Ketua Harian Asosiasi Eksportir Timah Indonesia (AETI) Eka Mulya Putra mengatakan para pengusaha meminta pemerintah dapat menyikapi rencana kebijakan tersebut secara bijaksana. "Kita memahami maksud pemerintah itu baik untuk melakukan nilai tambah kemudian penyerapan tenaga kerja termasuk penerimaan negara. Tapi ada persoalan lain yang akan dihadapi," ujar Eka kepada Tempo, Jumat, 22 Juli 2022.
Eka menjelaskan volumen produk turunan dari timah hingga kini masih belum signifikan. Bahkan untuk serapan didalam negeri, kata dia, juga masih sangat rendah.
"Hilirisasi dalam bentuk bahan jadi selama ini yang kita kenal dalam bentuk "wire" atau pasta timah yang serapannya masih kecil. Jangan sampai ini menjadi boomerang bagi kita sebagai daerah penghasil," ujar dia.

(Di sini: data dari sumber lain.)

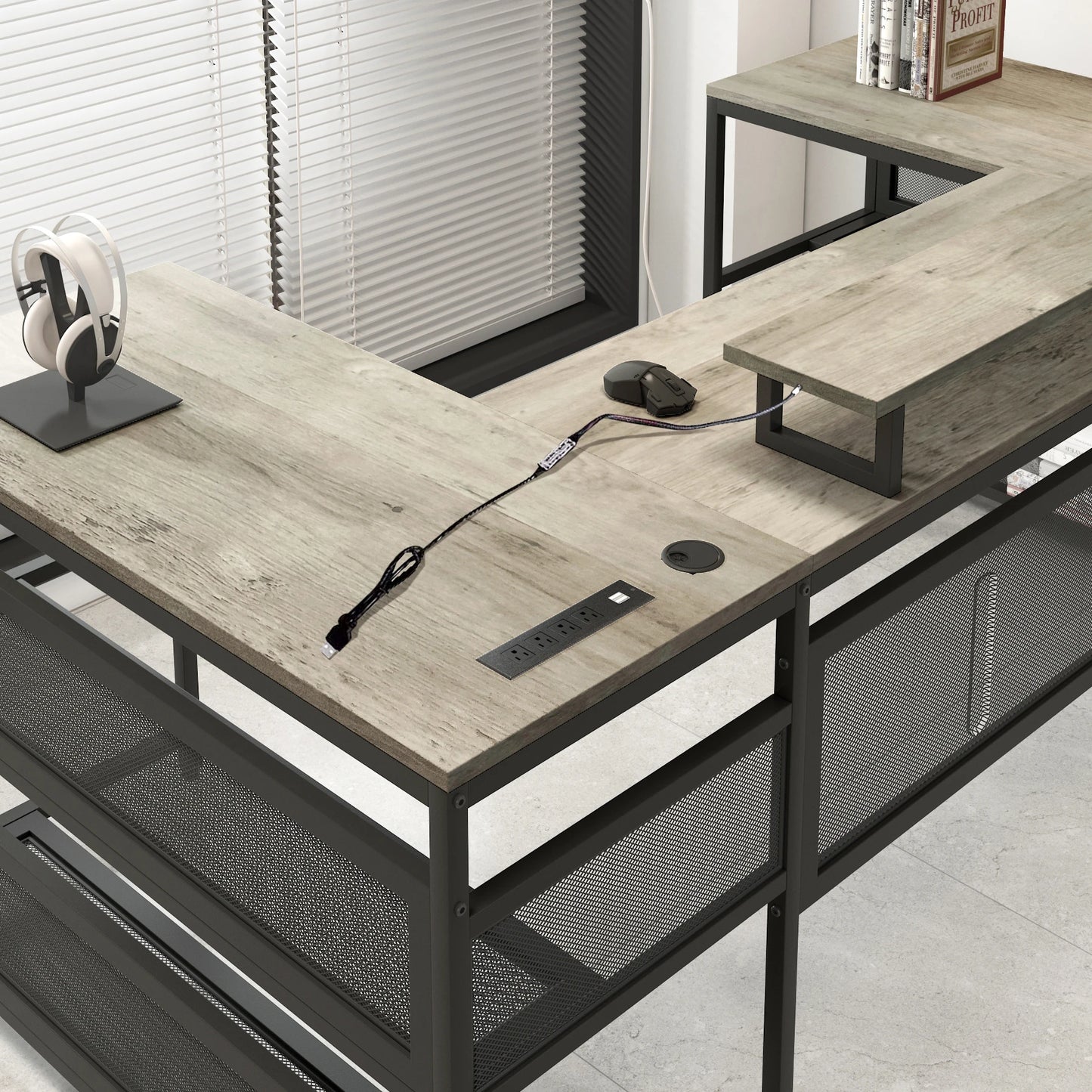 U Shaped Desk with LED Lights Power Outlets Monitor Stand Gaming Office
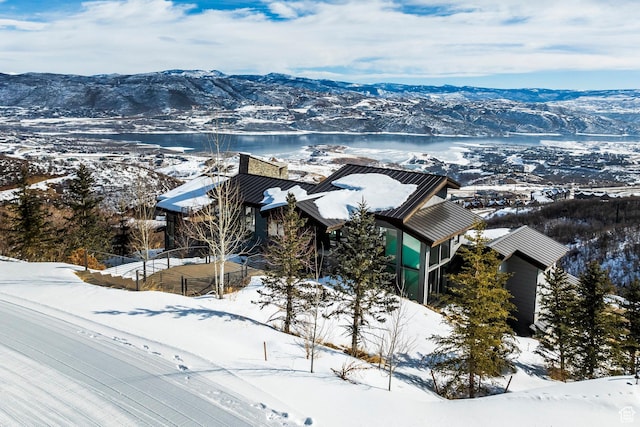 2908 W Deer Pointe Dr, Heber City, UT 84032 - snowy aerial view with a mountain view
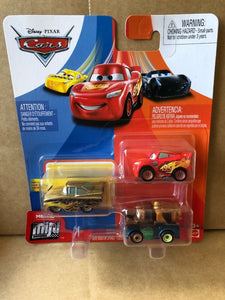 DISNEY CARS Mini Racers - set of 3 with LMQ Mater Gold Ramone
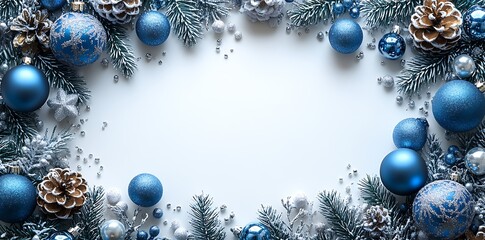 Blue and silver Christmas ornaments and pine branches on white background holiday winter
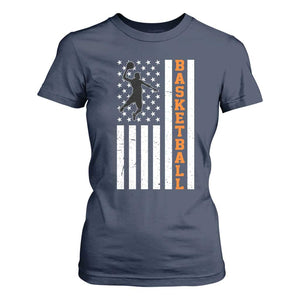American Flag Basketball T Shirt For Women Patriotic Sports Lover Gift TS12 Navy Print Your Wear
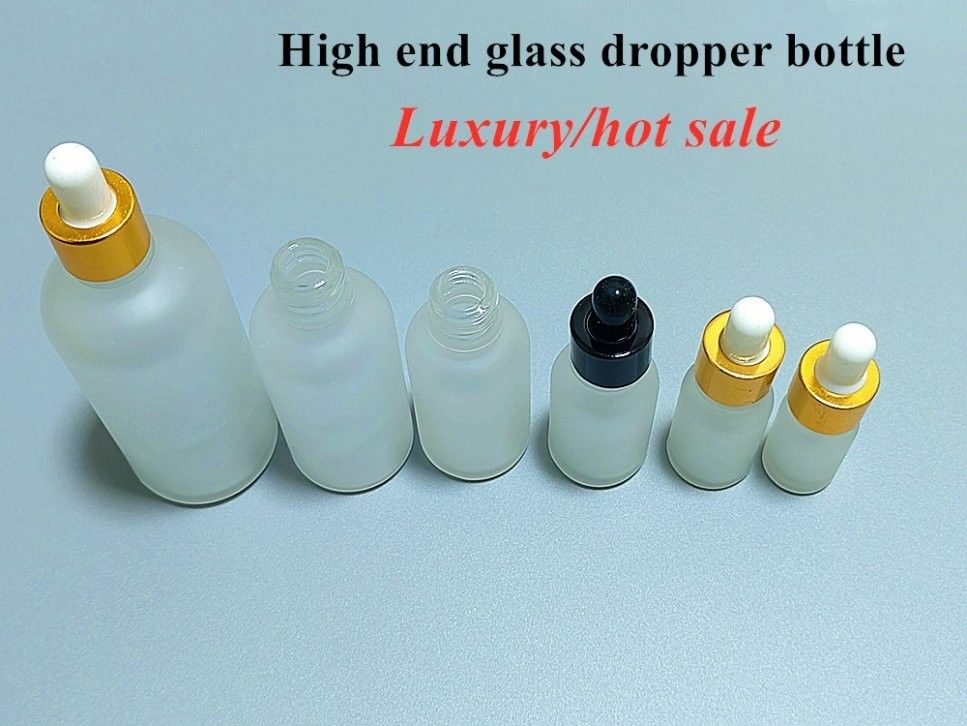 10 ml 20 ml 30 ml 50 ml 100 ml Schuin schouderglas Essentiële oliefles Wit bevroren druppelfles voor serum huidverzorging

Menurut Eka, jika larangan ekspor tersebut diberlakukan maka hal itu justru akan berimbas pada penerimaan negara karena banyak pengusaha yang belum siap melakukan hilirisasi. "Tujuan kita bagus, tapi kalau kita belum siap, akhirnya kita akan mundur," tuturnya.

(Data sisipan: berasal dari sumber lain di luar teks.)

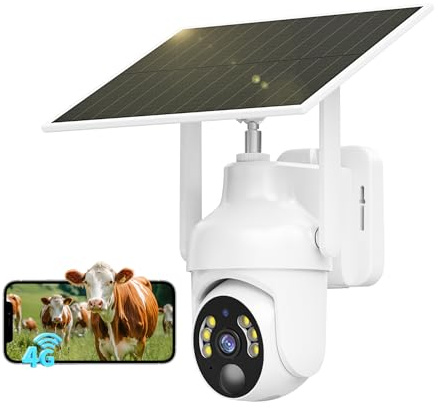 SEHMUA 4G LTE Überwachungskamera Aussen mit SIM Karte, Solar IP Kamera ohne WLAN mit PIR Erkennung, 2K-Auflösung, benutzerdefinierte Alarmzonen, Scharfe Farbnachtsicht, 2-Wege-Audio, IP66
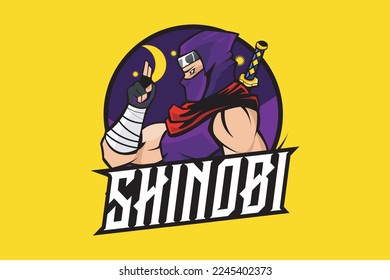 ILUSTRACIÓN DEL VECTOR DE LOGOTIPO DE MASCOT DE NINJA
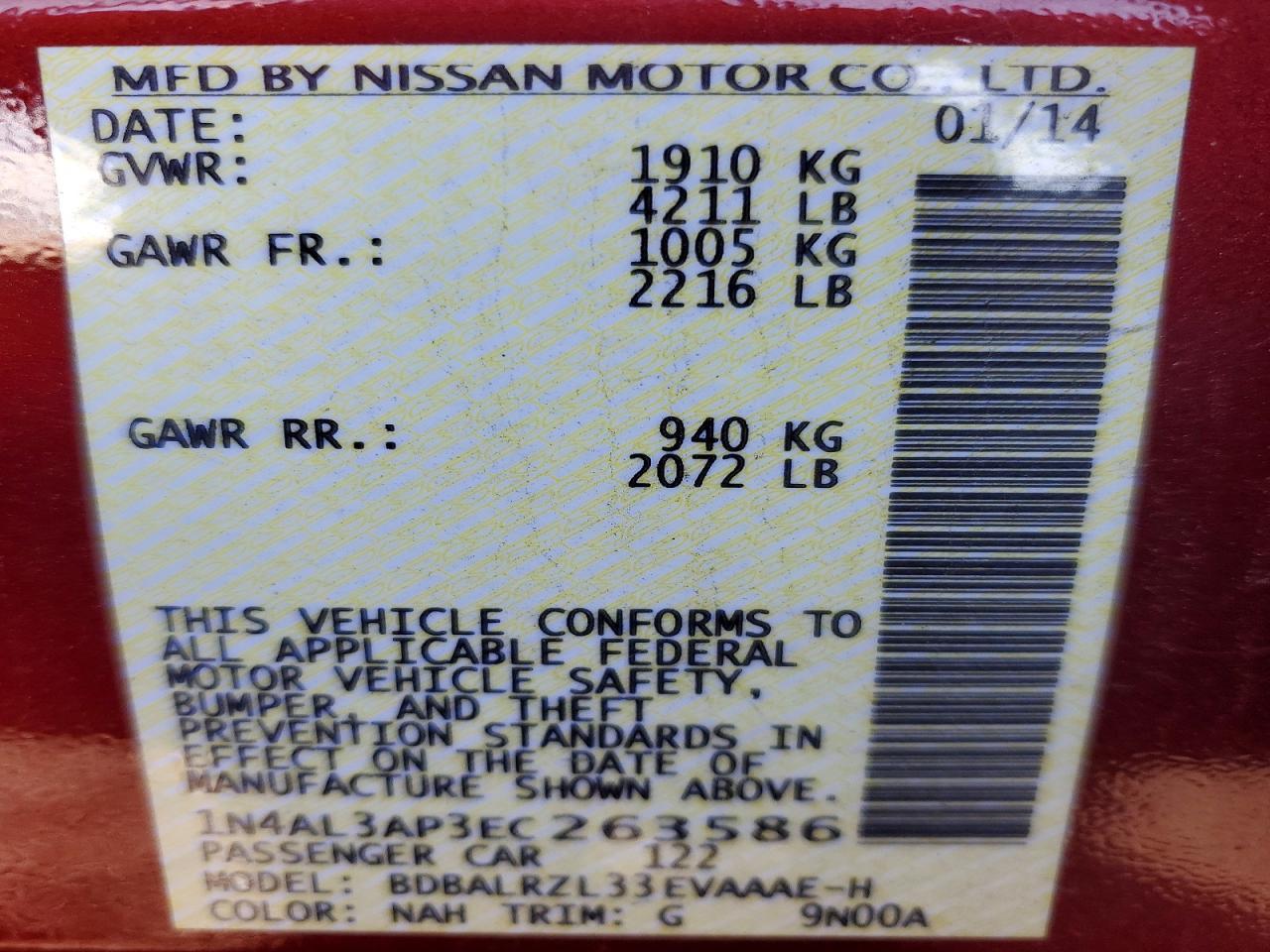 2014 NISSAN ALTIMA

Eka juga sangsi bahwa larangan ekspor akan mendorong kenaikan harga timah global. "Apakah larangan ekspor ini akan paralel dengan harga timah di pasar dunia? Apakah harga akan terdongkrak? Itu belum ada jaminan juga."
Lebih jauh, Eka menyebutkan maraknya penyelundupan pasir timah adalah hal yang paling dikhawatirkan jika larangan ekspor diberlakukan. "Jika saluran ekspor terhambat, orang akan mencari jalan lain," ucapnya.
Penambang rakyat, menurut Eka, akan berpikir bagaimana melanjutkan ekonominya untuk kebutuhan sehari-hari. Sedangkan perusahaan bakal berpikir bagaimana melanjutkan operasionalnya. "Kita prediksi penyelundupan pasir timah akan marak ke luar negeri. Negara akan dirugikan dari sektor pajak," katanya.